Could you repeat the listing below exactly while leaving its pictures behind?

* PROVIDED DATA:

+--

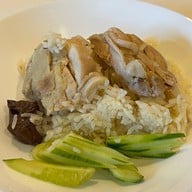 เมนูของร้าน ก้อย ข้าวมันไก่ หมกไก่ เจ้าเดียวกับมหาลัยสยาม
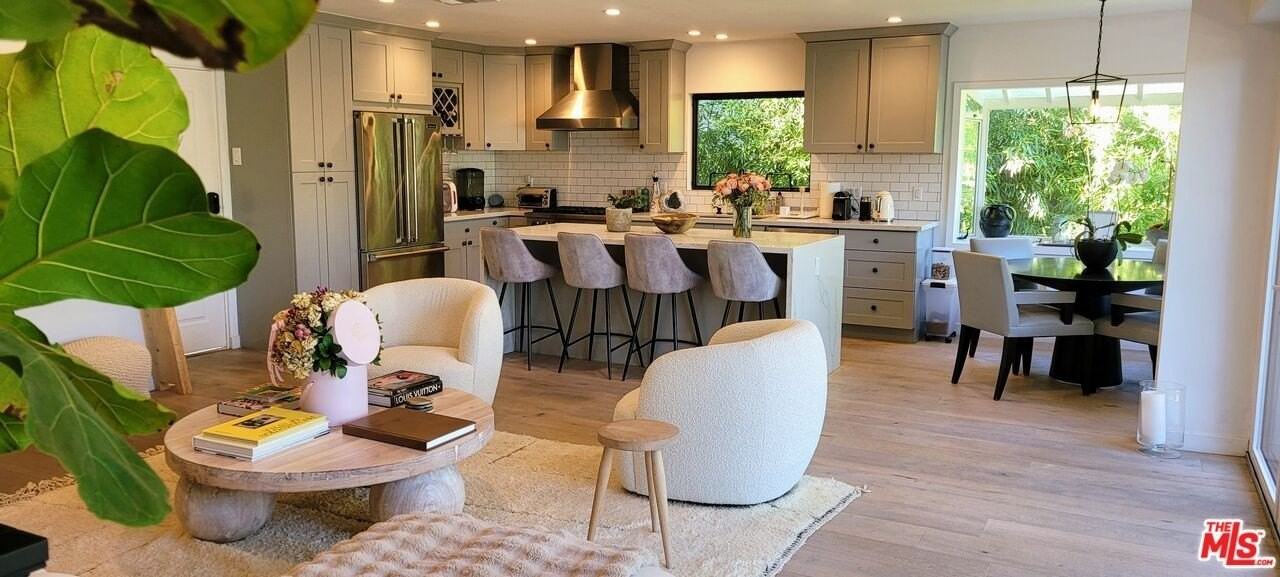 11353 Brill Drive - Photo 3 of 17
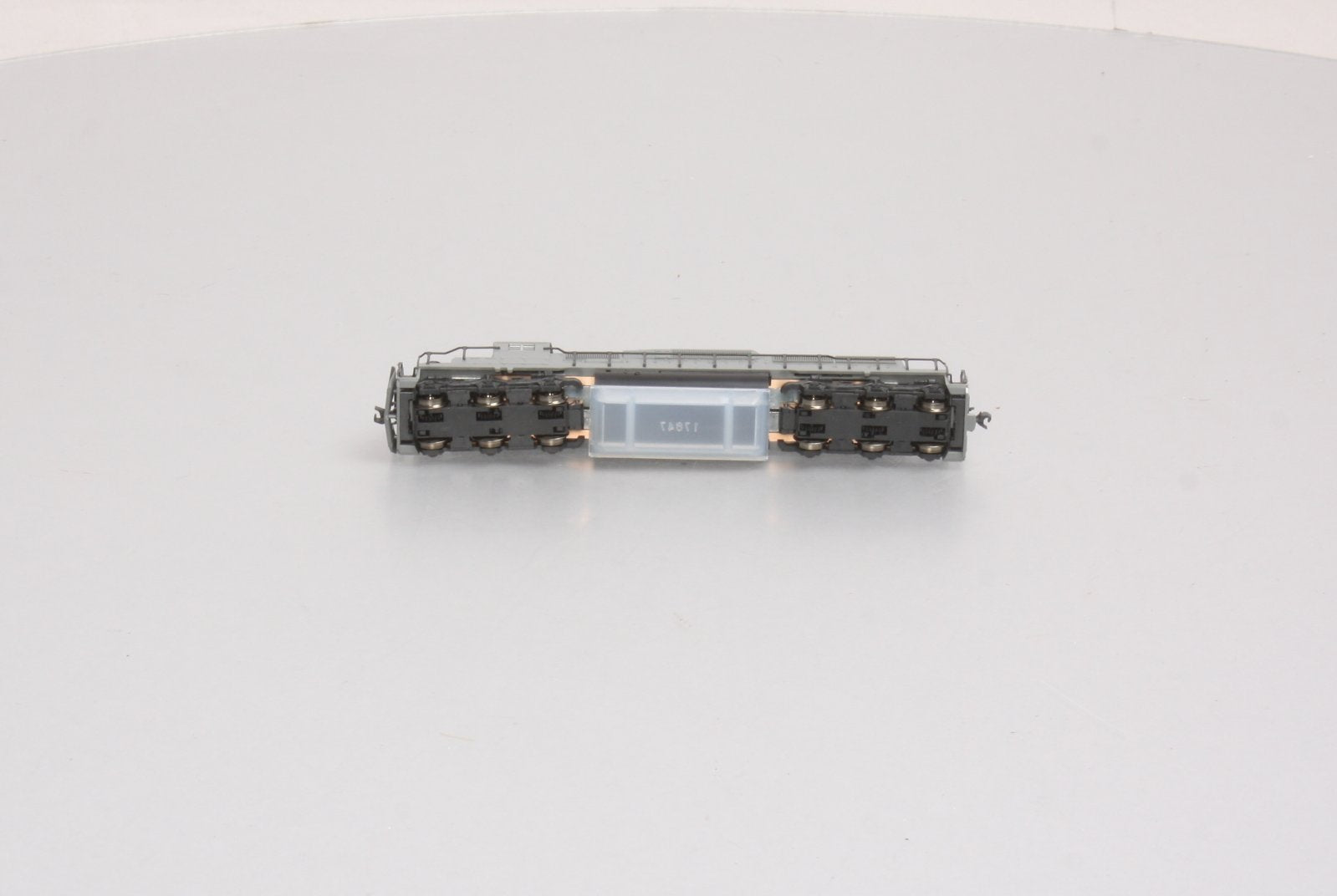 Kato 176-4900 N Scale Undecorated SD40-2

+--

* SOLUTION FOR THIS PROBLEM:
 เมนูของร้าน ก้อย ข้าวมันไก่ หมกไก่ เจ้าเดียวกับมหาลัยสยาม
 11353 Brill Drive - Photo 3 of 17
 Kato 176-4900 N Scale Undecorated SD40-2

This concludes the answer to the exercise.